What this does not prove
- ·It does not prove that bioenergetic failure caused your SIBO. The HCM interpretation is a working framework, not a clinical diagnosis.
- ·It does not prove antimicrobials are wrong for your case. They remain a legitimate clinical tool.
- ·It does not establish causal direction in any individual reader. Mechanism in literature ≠ mechanism in this person without testing.
- ·It does not replace a clinician's evaluation of motility, anatomy, or other recognized SIBO drivers.
- →Unintentional weight loss, persistent vomiting, blood in stool, or progressive abdominal pain — discuss promptly with a physician.
- →Severe nutrient deficiencies (B12, iron, fat-soluble vitamins) flagged on labs.
- →Symptoms following abdominal surgery or known structural disease.
- →Any decision to start, stop, or change antimicrobials, prokinetics, or other prescribed therapies — that is between you and a licensed clinician.
Biomelogic provides independent mechanistic education. It is not medical care, not a diagnosis, and does not replace your physician.
Frequently asked
Can SIBO come back because the gut environment never changed?+
Yes — that is the working interpretation in the Host Capacity Model. Antimicrobials reduce bacterial load, but if the colonocyte bioenergetic state and the resulting oxygen gradient are unchanged, the same selection pressure that produced overgrowth before will produce it again.
Why do prokinetics, low-FODMAP, and elemental diets only help temporarily?+
These tools change inputs (motility, fermentable substrate, transit time). They do not directly restore colonocyte oxidative metabolism. When the underlying bioenergetic capacity stays low, the ecology drifts back as soon as the input pressure is removed.

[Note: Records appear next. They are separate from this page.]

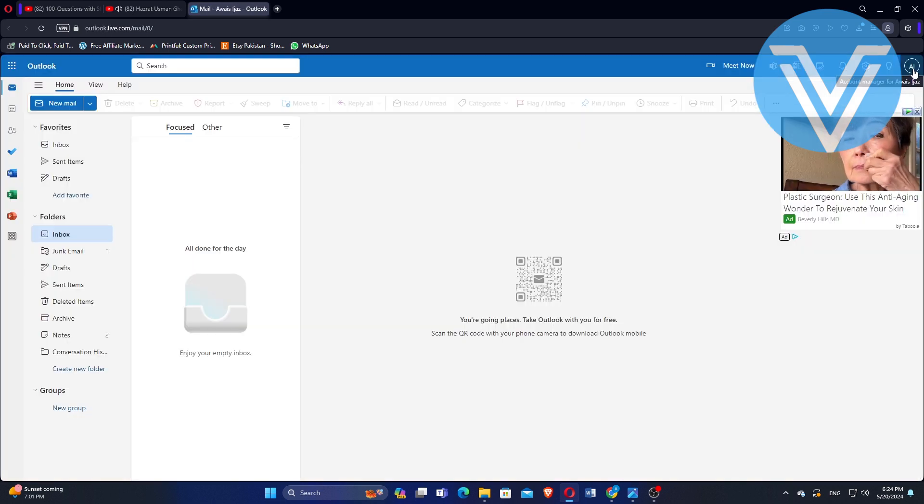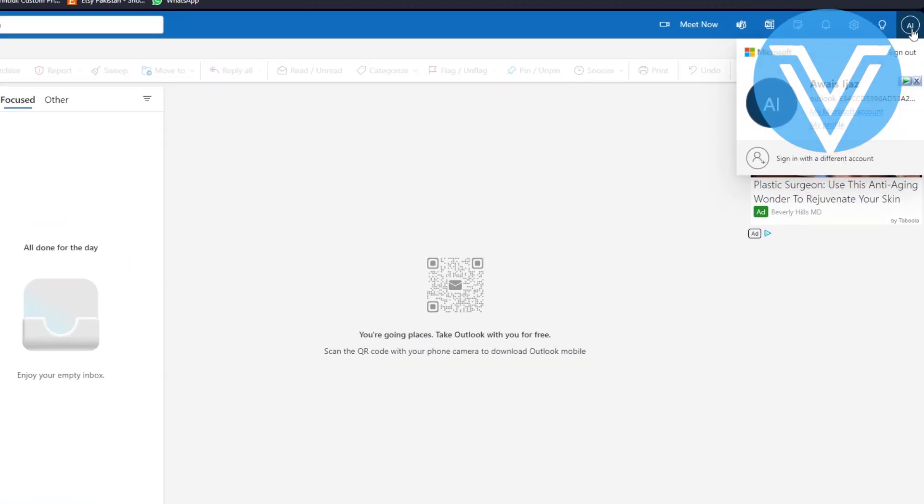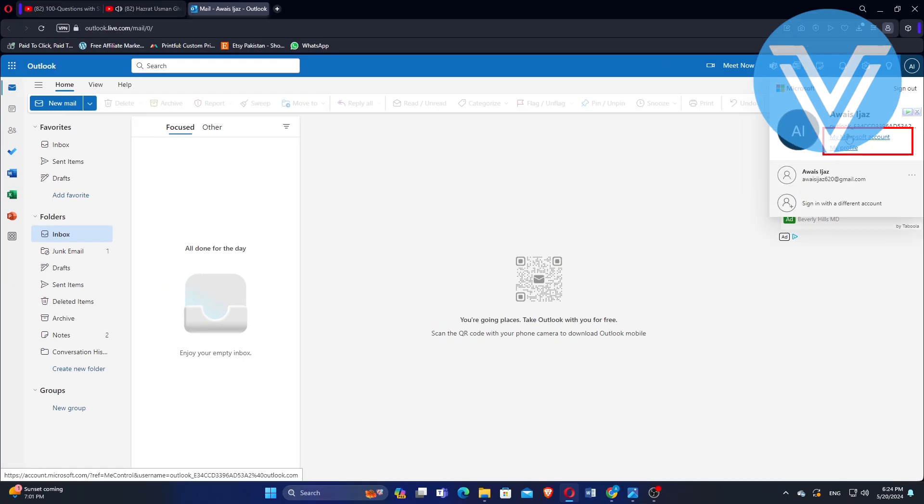Now, if you want to change your Outlook email name, click on your profile shown in the top right corner of the screen. Hit the Microsoft Account option.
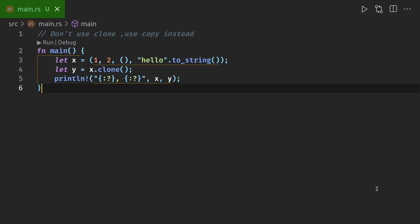Hello, this is a challenge from the Rust documentation, the Rust examples. It wants you to use copy instead of clone. Now, at the moment it works, and you can see x equals (1, 2, (), "hello".to_string()).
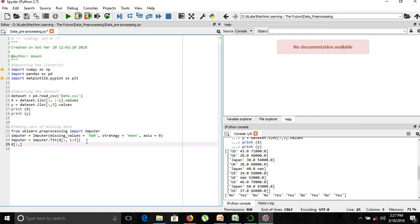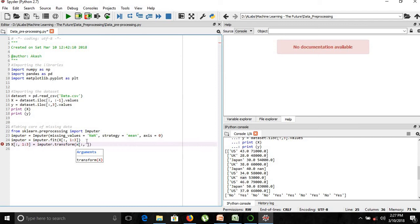Now for transforming, we will use the function known as transform. We will provide as input our matrix of features X. So to summarize: first we imported the Imputer class, then we created an object specifying the missing values and the strategy we want to take. Then we fitted the Imputer object to our matrix of features, and then we transformed our matrix of features. Let's execute this with Ctrl+Enter.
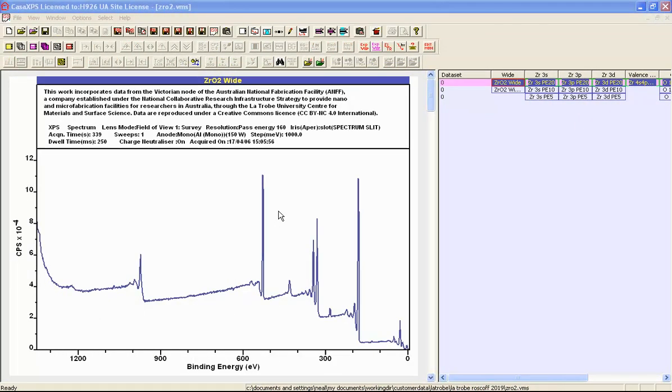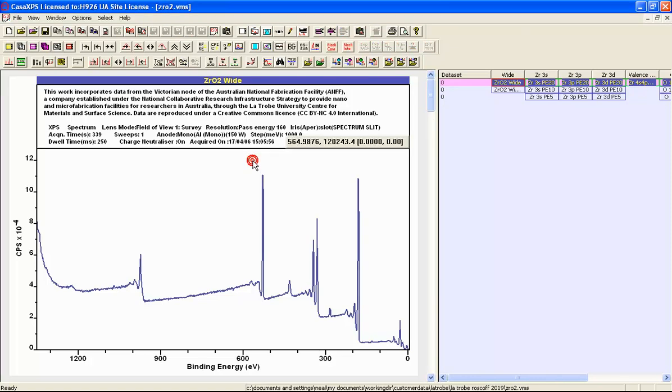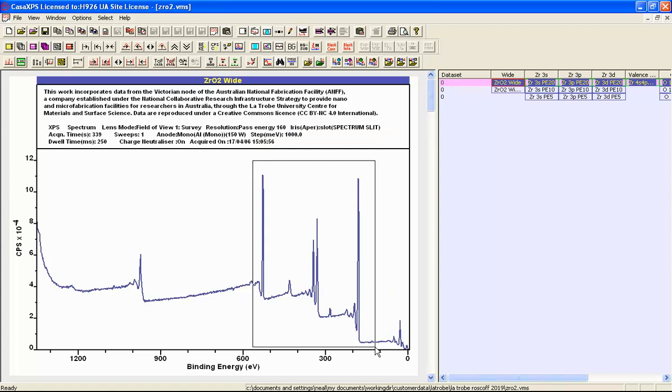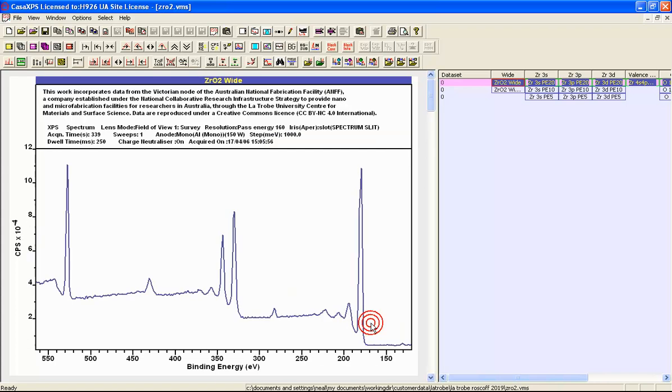In this video we're going to look at how to quantify zirconium oxide, and the reason this is interesting is because there are a number of photo emission lines that are available for zirconium to quantify against an oxygen peak.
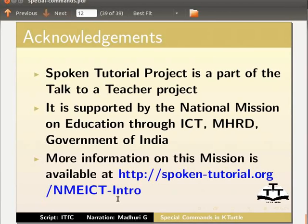This script is contributed by IT4Change, Bangalore. This is Madhuri Ganpati from IIT Bombay signing off. Thank you for joining.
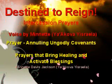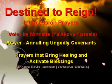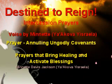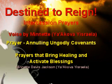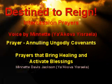I break, rebuke, and disannul all ungodly covenants, oaths, and pledges I have made with my lips in Yeshua's name, and I set fire to them.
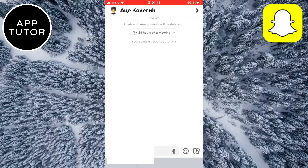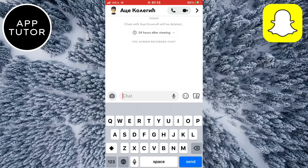So that is how you can access the My AI feature on your Snapchat app. If this video helped you out, then leave a comment down below and subscribe for more tutorials like this in the future. Thanks for watching and see you soon.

Is this saying my SIBO test was wrong?+
No. Breath-test results describe a real phenomenon — gas production patterns from luminal microbes. The interpretation here is about why those patterns recur, not whether they exist.
Does this mean I should stop antimicrobials?+
No. This is an educational framework, not a treatment recommendation. Decisions about antimicrobials, prokinetics, or any therapy are between you and a licensed clinician.
How would I know if my case fits this pattern?+
A common signature is multiple successful clearances followed by recurrence within weeks to months, often with food sensitivities expanding over time. The Host Capacity Score is one structured way to organize that history before discussing it with a clinician.